Macadam courts - nearing the end of the road?
En Tout Cas' Rory Shepherd recalls building courts more than 40 years ago, and looks at the pros and considerable cons of this venerable court surface…
WHEN I joined En Tout Cas in the early seventies and was promoted to contracts manager, my father Bob, pictured below, was the general manager for tennis courts and bowling greens for the whole country. As a result, I was given the less than enviable task of being on site whilst the first alleged “non-softening” porous macadam tennis surfaces were being laid.
One of my tasks was to check the macadam temperature on delivery. These loads had to somewhere were between 160 and 170 degrees Centigrade. To do this, I had to climb on to the lorry, dig into the load and put a thermometer into the hot tarmac. I also had to visually inspect the aggregate grading of each lorry load. This is an activity, unsurprisingly, no longer allowed by the health and safety plans of the macadam manufacturers.
The main reason for developing this non-softening macadam was to allow colour painting in the first year. It was also designed to stop courts breaking up, when players’ shoes twisted on playing surfaces, which softened in hot weather in the first years of their life.
As well as curtailing our acrobatics on trucks, a standard for macadams came in that set the maximum temperature this could be manufactured at 150 Centigrade, which of course it rarely achieves. The problem this gives us is that the temperature falls to 38 Centigrade, the hardening point of the binder, more quickly. The result is that there is less time to roll the surface smooth. A porous macadam surface that is not smooth will be much weaker and will make the tennis ball bounce much higher.
Add to this the fact that there is nowhere near as much material of this type laid today, and 6mm high quality aggregate is much harder to source. The few suppliers left are disinterested in achieving the quality that was once regarded as normal. As a result, making a really good, long-lasting painted porous macadam court is much more difficult than it was years ago.
There is no cushioning in these courts. The latex that was once added to the binder was used to raise the temperature at which it softened. Early Macadam courts were laid on ash and had some give, as time went by. It was also the custom to maintain the court by roiling it. My father would advise court owners to (I can almost hear him today): “Give it a good roll on a warm day in the spring.” Any initial enthusiasm that owners had for this sort of heavy manual labour waned over time. This led to tennis courts, of whatever type, being built with very hard stone foundations. As a result, any cushioning has gone from the base and must today be incorporated in the surfacing system.

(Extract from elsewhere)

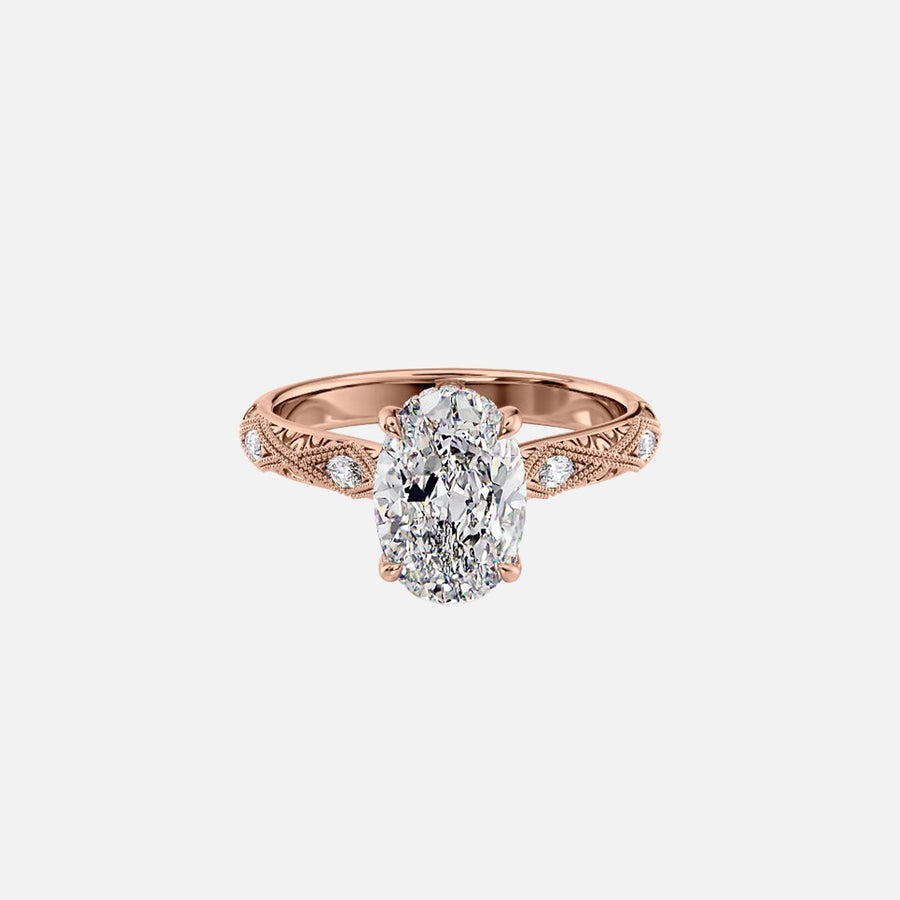  The Claudia Oval Lab Diamond Ring 18k Rose Gold 001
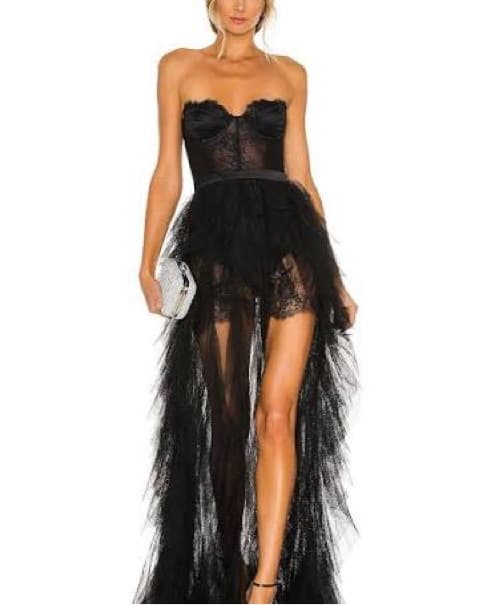 For Love & Lemons Black Bustier Gown XS - Image 4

This is an important matter. Rafa Nadal wrote in the Guardian that when he retires professionally, he will not be able to play recreational tennis due to the impact of hard courts on his body.
The idea of all-weather courts in the UK is widely misunderstood. All-weather courts are exclusively indoors. You can not play tennis in the snow, ice, fog, heavy rain. Damp conditions cause painted porous macadam courts to be slippery. That’s because surface tension causes water to stay on the surface and not go down into the matrix. It can often be an idea to hose the court down in these conditions, to break the surface tension. As I always tell our customers, you can have an all-year-round court but an all-weather court is something for the likes of California, and not the UK.
There is no non-attention surface available. Painted porous macadam courts need detritus, leaves, bird muck, and the like removing as they occur, at least once a week. It’s important to spray the court with moss killer up to four times a year, to pressure wash the court, perhaps on an annual basis. In areas of clean air, bi-annual cleaning will be sufficient. Generally, these courts will need the application of a clean binder coat and repainting every five years and resurfacing at either the ten- or 15-year stage.
It is my view that the world has moved on and these courts saw their prime some time ago. Nearly 50 years is a long run for any product. To use a common phrase, it was a different time. People drove Morris Minors and smoked pipes when I started laying these courts and they have done well, but clients now rightly expect more. They want cushioning, consistent quality, fast resurfacing times, and a longer life for the court. Whilst painted porous macadam offers the lowest initial cost for a tennis court I would argue that due to its cost in use, the cost in wear and tear on players, and periods when it is not safely usable, it does not offer the best value solution in today’s tennis court range of offers.
On personal note, I have not played on a hard court since I was fifty!